**Work item**:
Return, verbatim and in full, the records that follow, but not their pictures.

**Supplied data**:
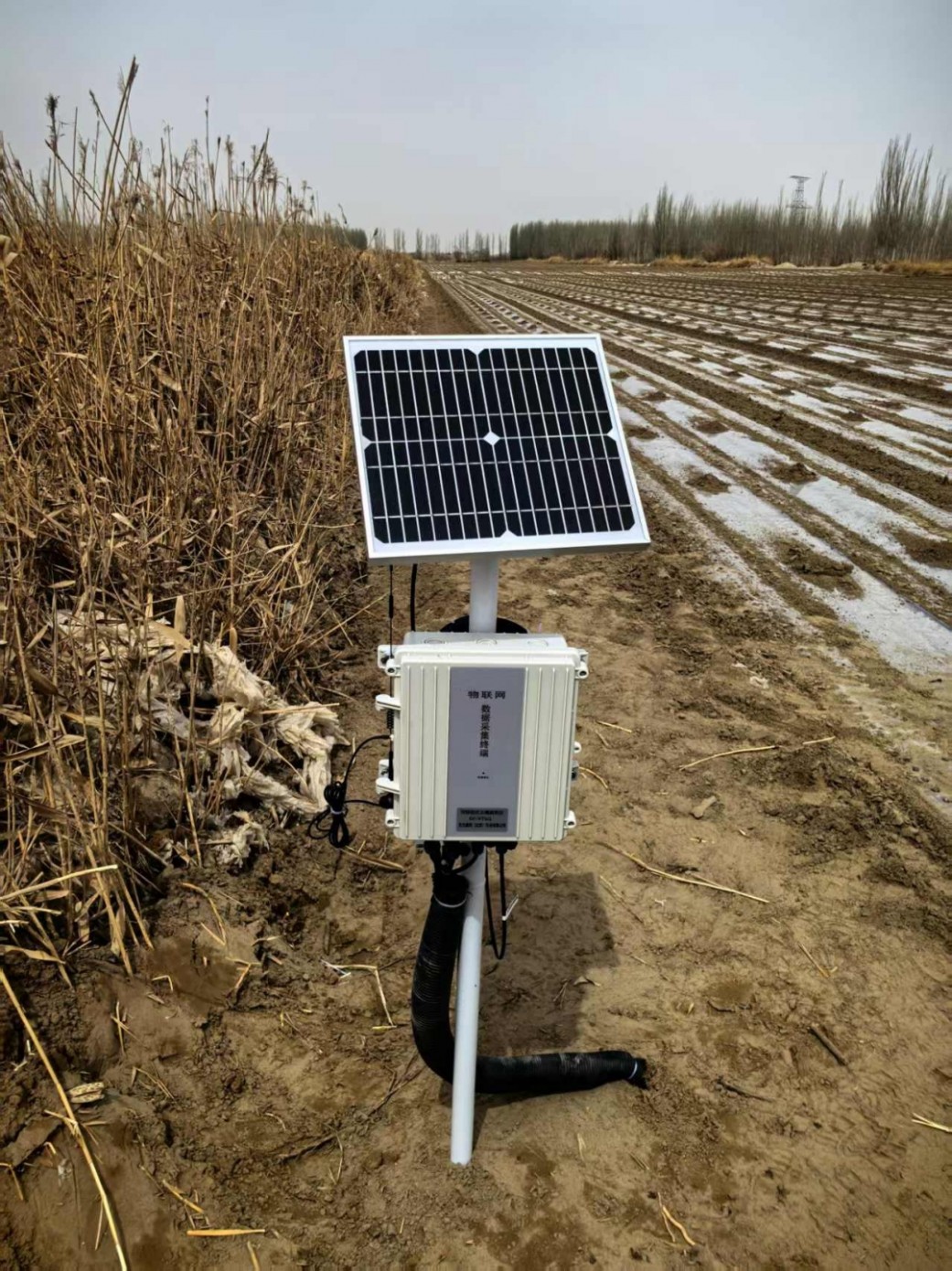 新疆大學(xué)棉花地土壤墑情站安裝驗收！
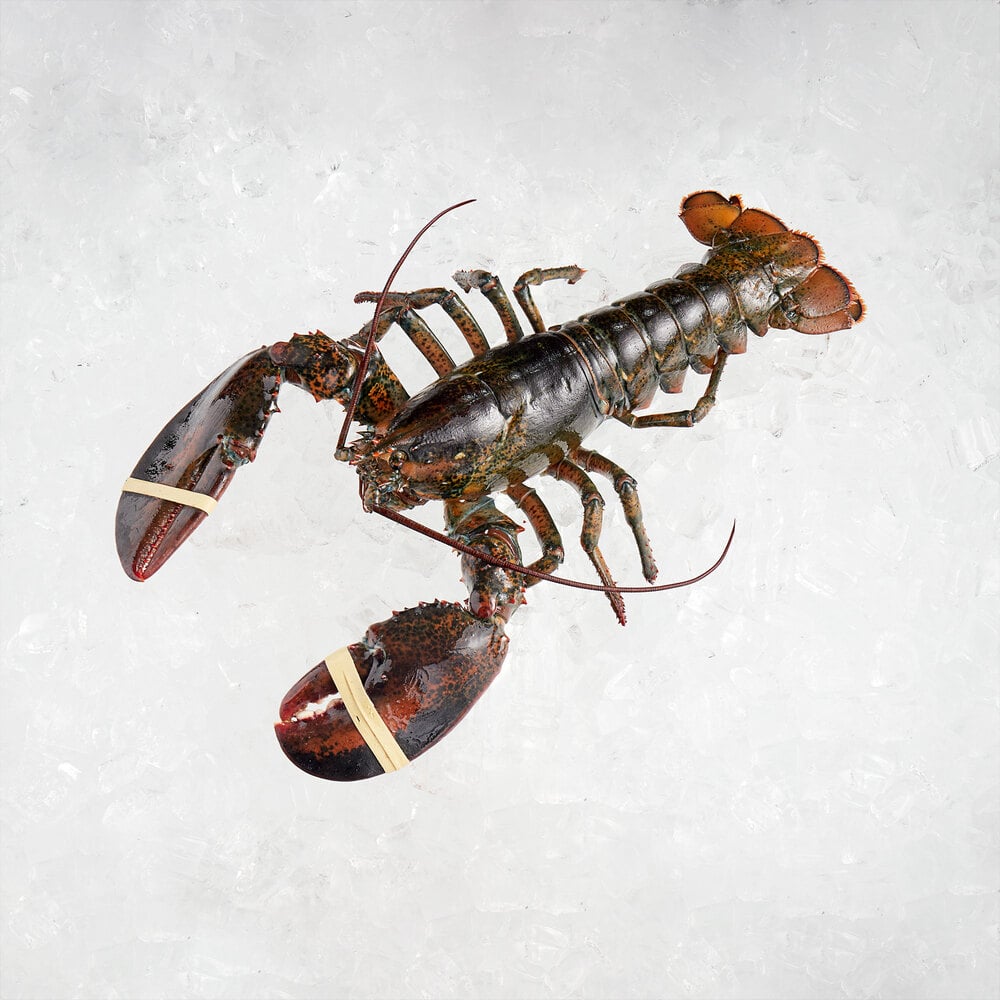 Boston Lobster Company 25 lb. Case of 2.53 lb. Live Hard Shell Lobsters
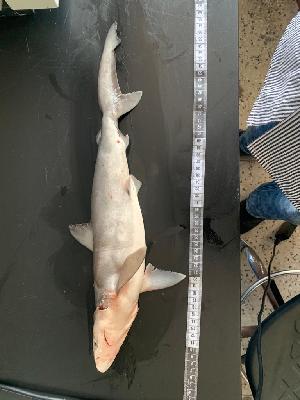  (Carcharhinus macloti - Cm-CCM-001)  @11 [ ] CreativeCommons - Attribution (2023) Thomas Mkare Kenya Marine and Fisheries Research Institute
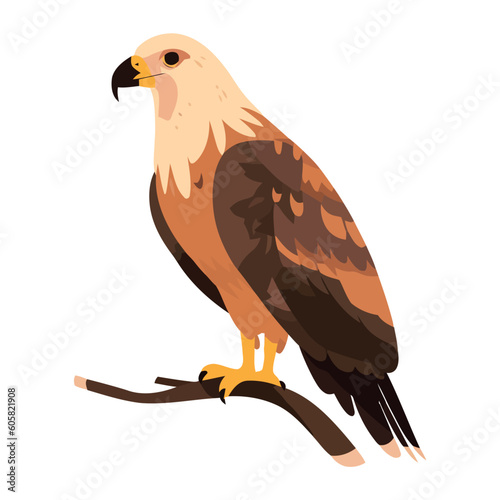 Bald eagle perching on tree branch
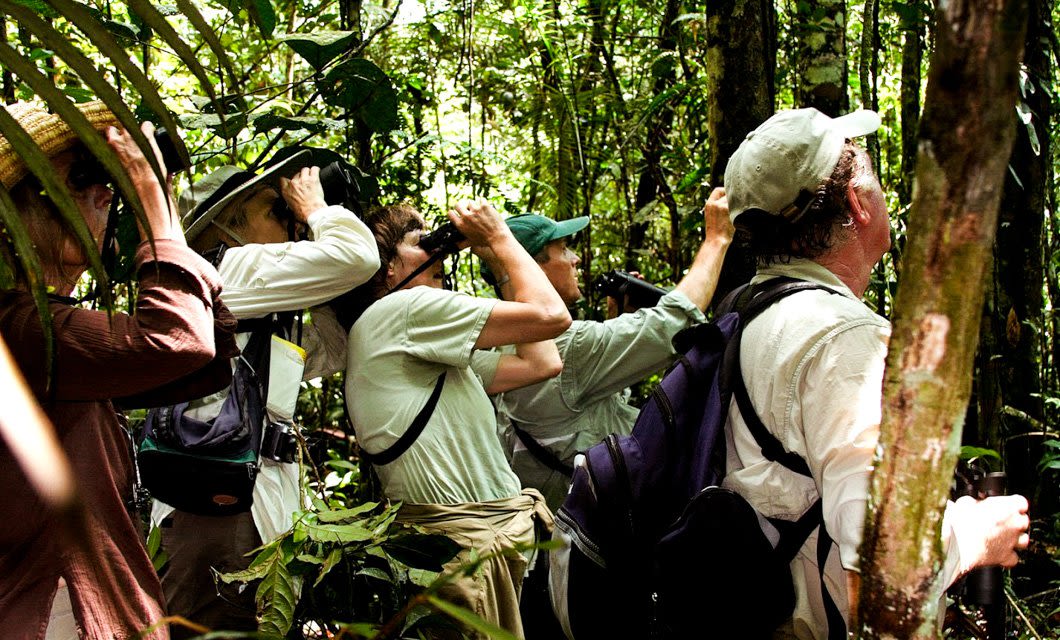 A group of people in hats and backpacks stand closely together in the lush Atlantic Rainforest, looking up into the trees and observing through binoculars on a Brazil Adventure Tour.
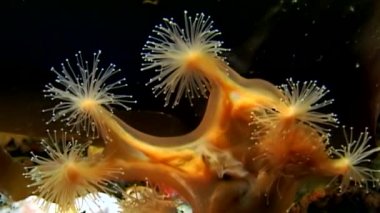 Lucernaria quadricornis su altında beyaz deniz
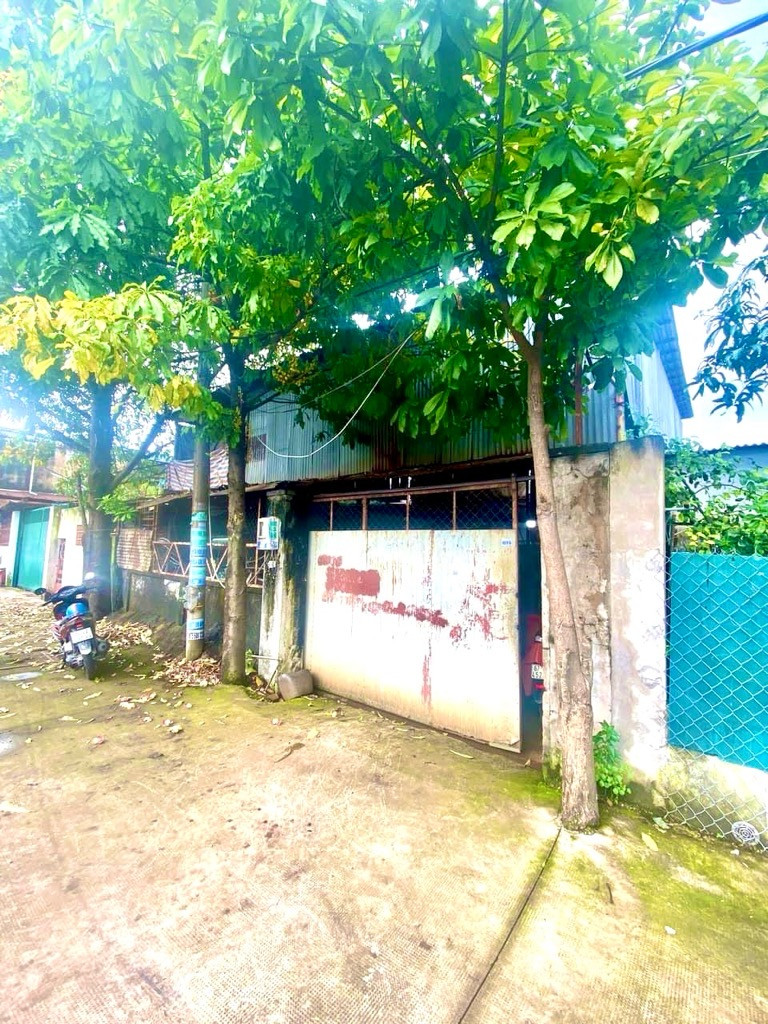 Gấp Bán Đất Tặng Xưởng 150m2 gần Ngã 3 Bùi Môn chỉ 3,85tỷ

**Response below**:
 新疆大學(xué)棉花地土壤墑情站安裝驗收！
 Boston Lobster Company 25 lb. Case of 2.53 lb. Live Hard Shell Lobsters
  (Carcharhinus macloti - Cm-CCM-001)  @11 [ ] CreativeCommons - Attribution (2023) Thomas Mkare Kenya Marine and Fisheries Research Institute
 Bald eagle perching on tree branch
 A group of people in hats and backpacks stand closely together in the lush Atlantic Rainforest, looking up into the trees and observing through binoculars on a Brazil Adventure Tour.
 Lucernaria quadricornis su altında beyaz deniz
 Gấp Bán Đất Tặng Xưởng 150m2 gần Ngã 3 Bùi Môn chỉ 3,85tỷ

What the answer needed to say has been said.